Great work! I would feel like I was condescending to people, explaining things this way, but it's actually just nice. Do you know what age your audience are? It seems like a 3rd cache video about concurrent writes and thread co-ordination would follow naturally? ;) Useful to anyone writing parallel code and perhaps the biggest gotcha of cache lines?
The L1 cache actually gets weirder - they often report the L1 _data_ cache alone, and in particular the 3990X (or most other Zen 2 chips) has 32kB instruction cache, for a total of 64kB L1 cache per core = _4MB_ of L1 cache.
Excellent video, Mate! I know you're a talented musician too. Would be so cool, since you've upped the video editing stakes recently, to include some of it (did I hear singing at the end there?)
Yes, some are! GPU caches are certainly programmable. Just architecture dependent I guess. I wish they were programmable in x64, that would be great fun :)
Definitely not gaming. Their ccx / ccd layout introduces too much latency to be top tier at gaming. It's best use case is for cloud compute (think VPS) with shared core access. This would keep all CPUs busy and the constant context switching between container processes is a very valid reason to need 300MB total cache.
Yes, they're certainly more than I generally need, I play Street Fighter and DooM - an i3 do just fine :) I'd love to code these Ryzens! Just to see it eat some AVX. Or race the Ryzen Cores against Intel's AVX512. The Ryzens would make fine server chips, great for Virtual machines and that kind of thing.
@@WhatsACreel i've just bought a cheap epyc 7401 with 24core for the some reason , after your reply i understood that does not fit well for latency applications but for throughput
The high core count threadrippers are often used for workstations for doing scientific work and rendering. Like mentioned elsewhere the latencies tend to get pretty high, that's just the nature of making such a large CPU it happens too on the intel 18 and 28 core parts, so generally you want to give it workloads that are well spread out and have few dependencies between the threads.
Is there any way as a programmer to control (directly or indirectly) which data is present at which point in each of the cache levels? Or is that only regulated by the OS or the hardware itself?
can you please answer this question ? I know the answer but cannot get at it - I mean how to work it out.A processor has 30-bit Virtual addresses, 64 Mbyte physical memory organised in 256 Kbyte pages, and a 128 Bytes, 4-way associative TLB with 4 Bytes block size. How big is the Page table? (ignore the status bits) and how many bits are in TLB tag and index?

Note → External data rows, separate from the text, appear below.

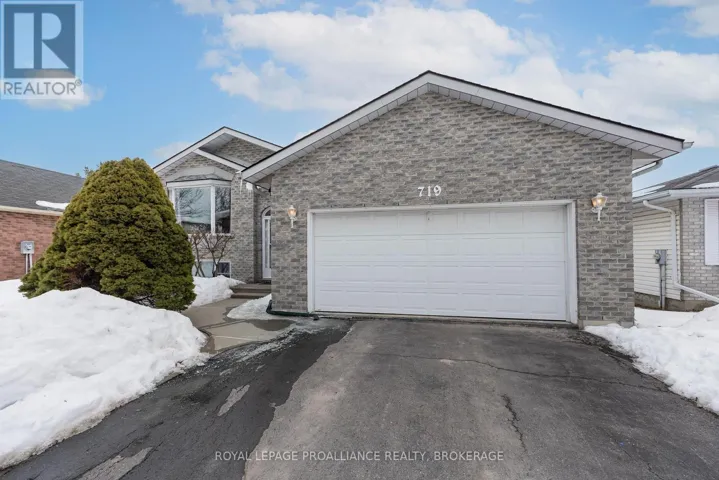 719 MUIRFIELD CRESCENT, Kingston (East Gardiners Rd), Ontario K7M8E6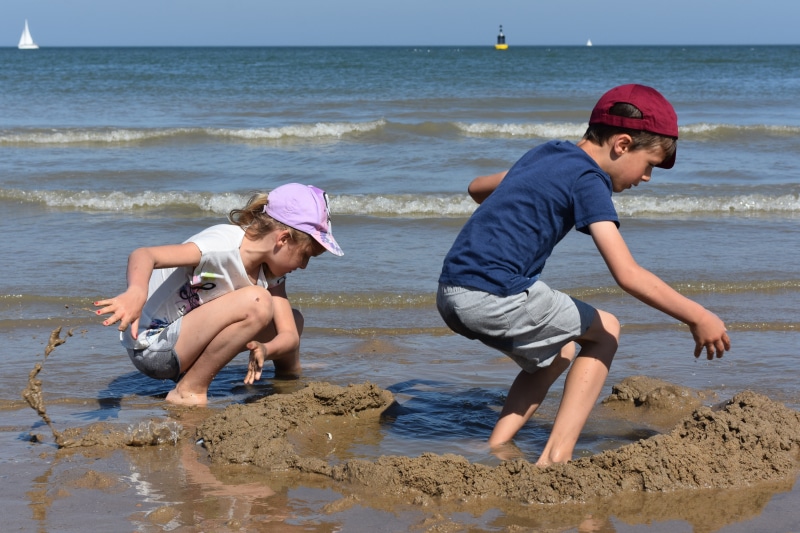 boys, land, two people, Girl, full length, childhood, horizon over water, lifestyles, girls, Children, mature men, beach, child, babies And Children, fun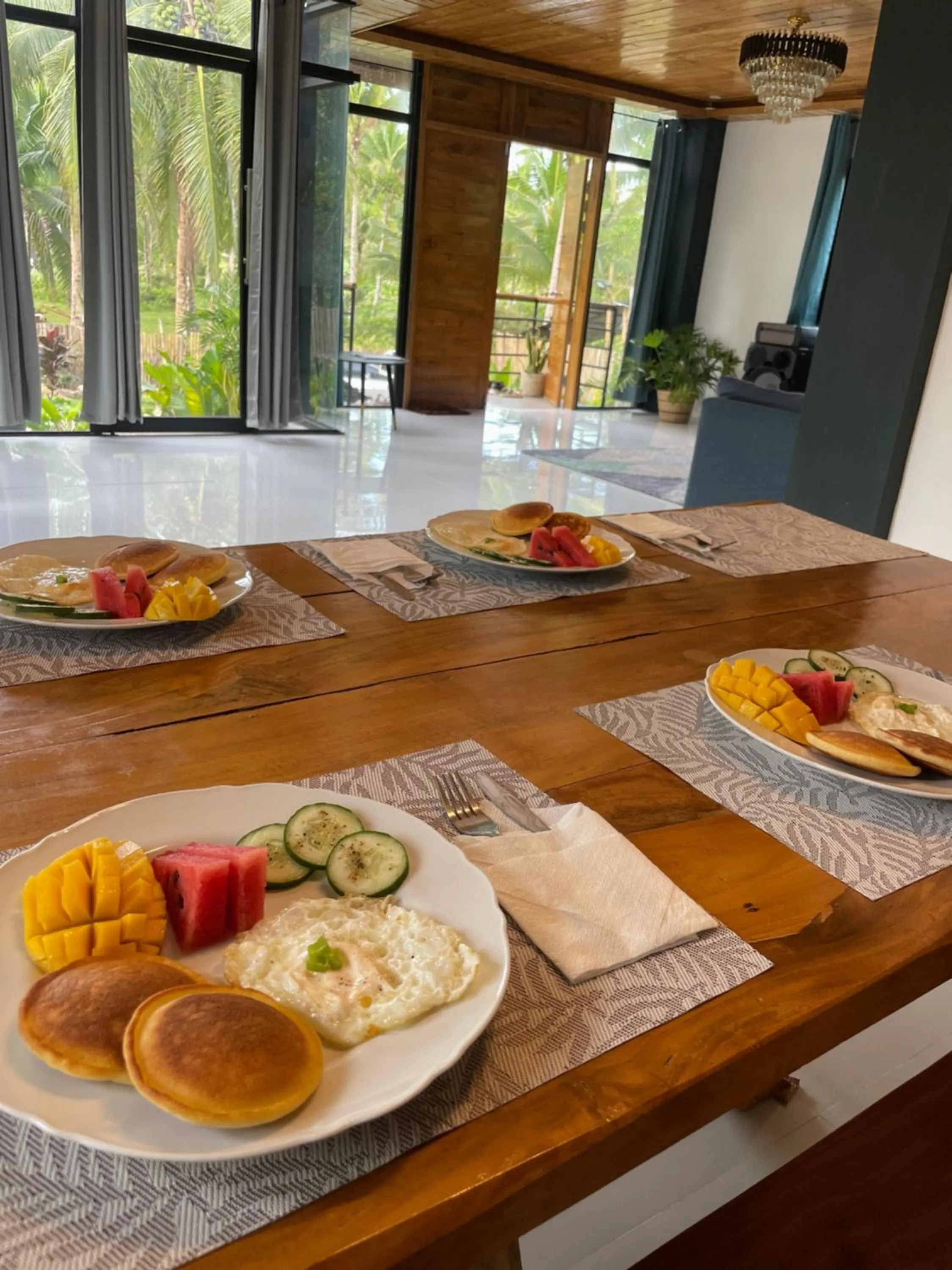 Breakfast in CASA AGUELO Chocolate Hills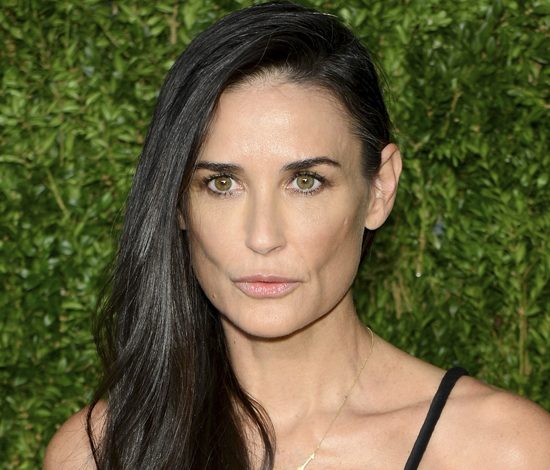 Деми Мур переборщила с пластикой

Ah, the amazing AMD bulldog. Where the cpu specs look like it should be doing great; but in reality the chip is sitting there doing nothing 50% of the time; because it's waiting for memory accesses and the instruction decoder to give it something to do.
The Architecture im working on doesn't have Cores, and it one cycle to access the entire data storage, and its closer than L1, physical threads are one per byte of data storage
When they have 256 megs of cache why there is no instruction to lock some memory regions into L3 cache completely? I mean... Literally I usually arch linux with dwm and browser with 4 tabs I am below 256Mb ram usage... Now okay that is not likely what a "regular user" do in win 10 chrome and endless ram trashing, but I was thinking: If you run a game fullscreen, shouldn't its physics engine or maybe at least ones GPU / kernel drivers mark themselves to not fall out of L3 at all? Seems like this kind of approach would also make for a faster L3 load times for these marked areas because not needing this assiciativity anymore for those areas that much. My question is this: why don't give more control to the programmers at least on driver writers level? I actually tinkering with fpga sometimes and even on that low gate count stuff sometimes I come up with this idea to just make "caches" act like how texture memory is with GPUs: let the coder load them up and control more directly. Then no fancy associativity is needed - or that can handle regions not specified / locked... Or maybe can be a good idea for a smaller L4 cache to work like this and let programmers feed stuff into that and refer to it via some kind of "handle"?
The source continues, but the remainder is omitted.